Cross-tenant + intra-tenant kernel isolation

This is the load-bearing claim of the hosted-runner model. Every queued job gets its own ECS VM — a guest Linux kernel running on T Cloud Public’s hypervisor. The runner registers, runs the job, exits, and the platform destroys the VM. The next job (same tenant or another) gets a fresh VM with a fresh kernel.

Mechanism	How
Per-job VM	The platform spawns 1 VM per pending job. The VM literally only exists while one runner is running on it. A kernel-level escape (e.g. CVE-2024-1086 `nf_tables`) compromises only THAT throwaway VM, not co-located tenants
Fast-down on completion	The runner exits → the platform deletes the VM immediately. No idle drain window. A separate out-of-band reaper catches orphans (runner-never-registered, missed-delete) within a 6h10m absolute backstop
Per-VM ENI + per-VM SG	Network isolation independent of the kernel boundary. Tenant A’s VM cannot reach Tenant B’s VM over the network — separate ENIs, separate Security Groups
Single-task lifecycle	A VM provisions, the runner registers + claims exactly one task, runs it, exits. No reuse, no cached secrets from a previous tenant.
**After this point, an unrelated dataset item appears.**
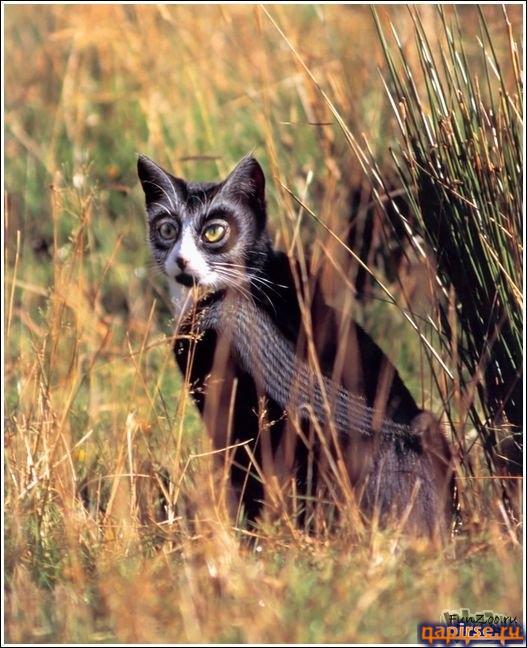Кошачий арт бодиарт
Runner exit triggers VM destroy
OIDC tokens	Each VM gets a fresh OIDC token signed by the runner-OIDC-issuer with `aud=fremforge` and `sub=repo:<owner>/<repo>:ref:<refname>`. Customer cloud trust policies key off this audience + sub for `assume_role_with_web_identity`

Per-tenant limits

Limit	Default	Override
Concurrent jobs per tenant	30 (matches GitHub Pro tier; GitHub Free: 20, GitHub Team: 60)	Paid plans can lift via per-tenant override
Global concurrent jobs across all tenants	Bound by the platform’s compute capacity in eu-de	—
Job rate cap	100 jobs per 5-minute rolling window per tenant	Per-tenant override
Wall-clock per job	3600 s (60 min)	Configurable per workflow step but capped at 6 h ceiling
Runner-minute pool	`seat_cap × 1000 minutes/month` (or an explicit per-tenant cap)	Operator config; matches the public pricing
VM flavor	`c9.large.2` (2 vCPU / 4 GiB RAM) default; `c9.xlarge.4` (4 vCPU / 16 GiB) for `runs-on: [fremforge, large]`	Workflow step `runs-on:` label routes to alternate flavors

When a tenant exceeds the runner-minute pool and overage isn’t enabled (or is frozen), the platform refuses dispatch: the workflow’s queued job transitions to Cancelled in Forgejo. Tenants with overage enabled keep running and are invoiced for the excess.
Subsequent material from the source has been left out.